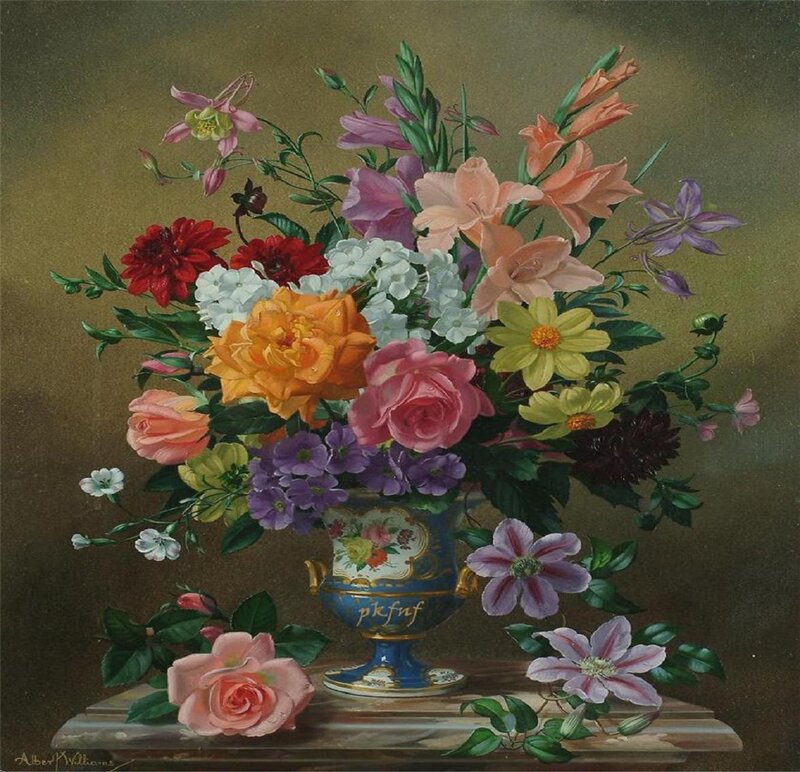 Flower Bouquet in Vase — Blue, Calm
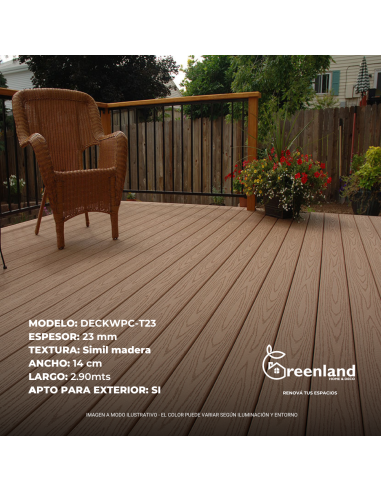 Deck Wpc Teak Color 23 Mm 290cm X 14cm Co-extruded X Caja 5 U + Clips Encastre Greenland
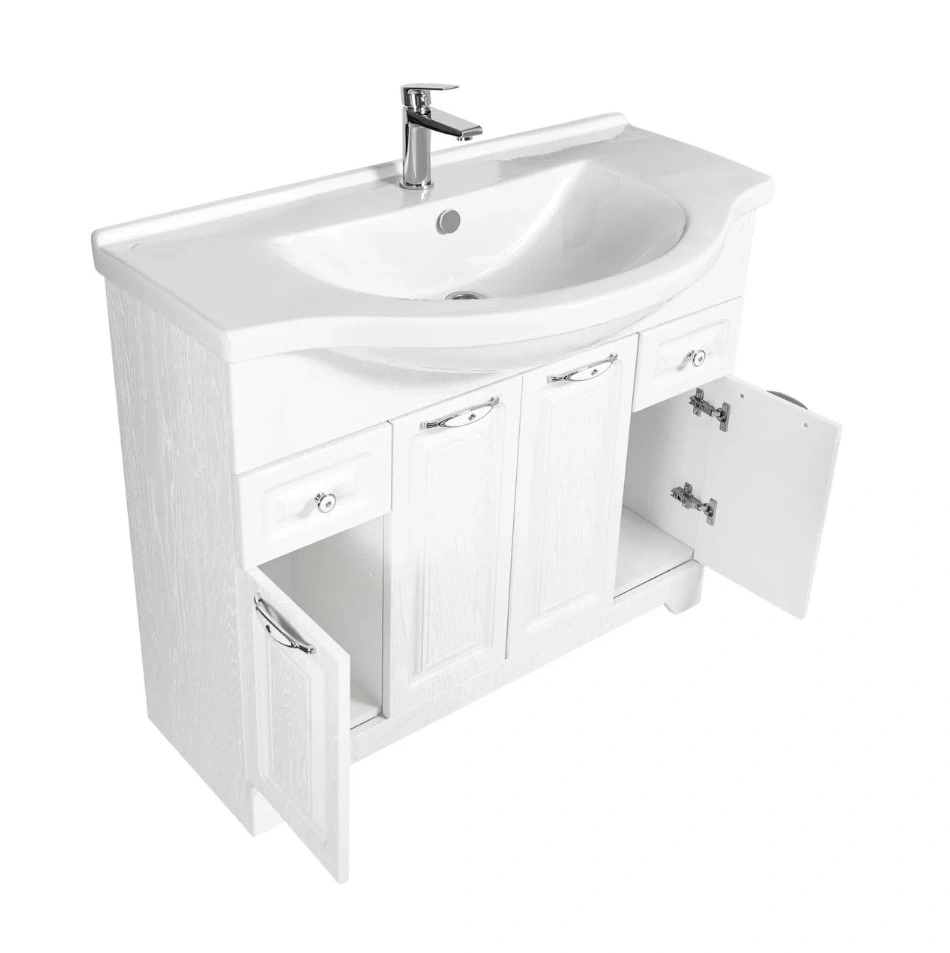 Тумба напольная Stella Polar Кармела 100 с раковиной Эльбрус 100, 2 ящ, 4 двери, Люкс белое серебро от магазина Vanna-Vanna.ru!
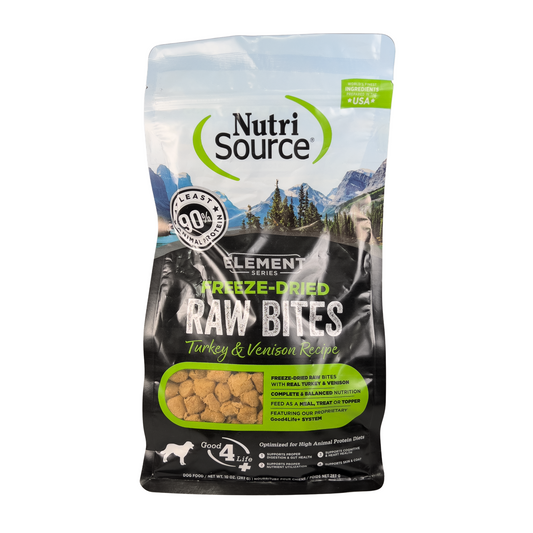 NutriSource Element Series Freeze-Dried Raw Bites - Turkey & Venison Recipe, 10 oz
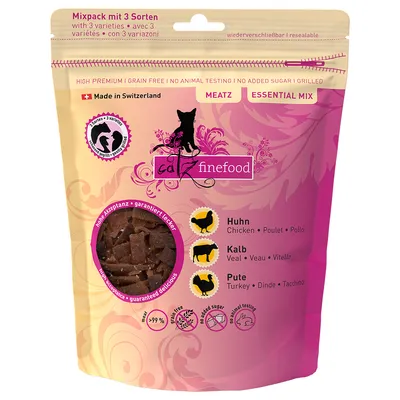 Catz Finefood микс пакет с 3 вида: пиле, телешко, пуешко. Произведено в Швейцария, без зърнени храни, без добавена захар, без тестове върху животни, с повторно затваряне.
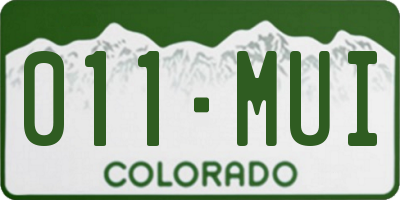 CO license plate 011MUI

-.-.-

WHAT IS NEEDED:
Starting with the line that holds "Тумба напольная Stella", return each line exactly through the final line of the entries above; pictures are not part of the output.

ANSWER BOX:
 Тумба напольная Stella Polar Кармела 100 с раковиной Эльбрус 100, 2 ящ, 4 двери, Люкс белое серебро от магазина Vanna-Vanna.ru!
 NutriSource Element Series Freeze-Dried Raw Bites - Turkey & Venison Recipe, 10 oz
 Catz Finefood микс пакет с 3 вида: пиле, телешко, пуешко. Произведено в Швейцария, без зърнени храни, без добавена захар, без тестове върху животни, с повторно затваряне.
 CO license plate 011MUI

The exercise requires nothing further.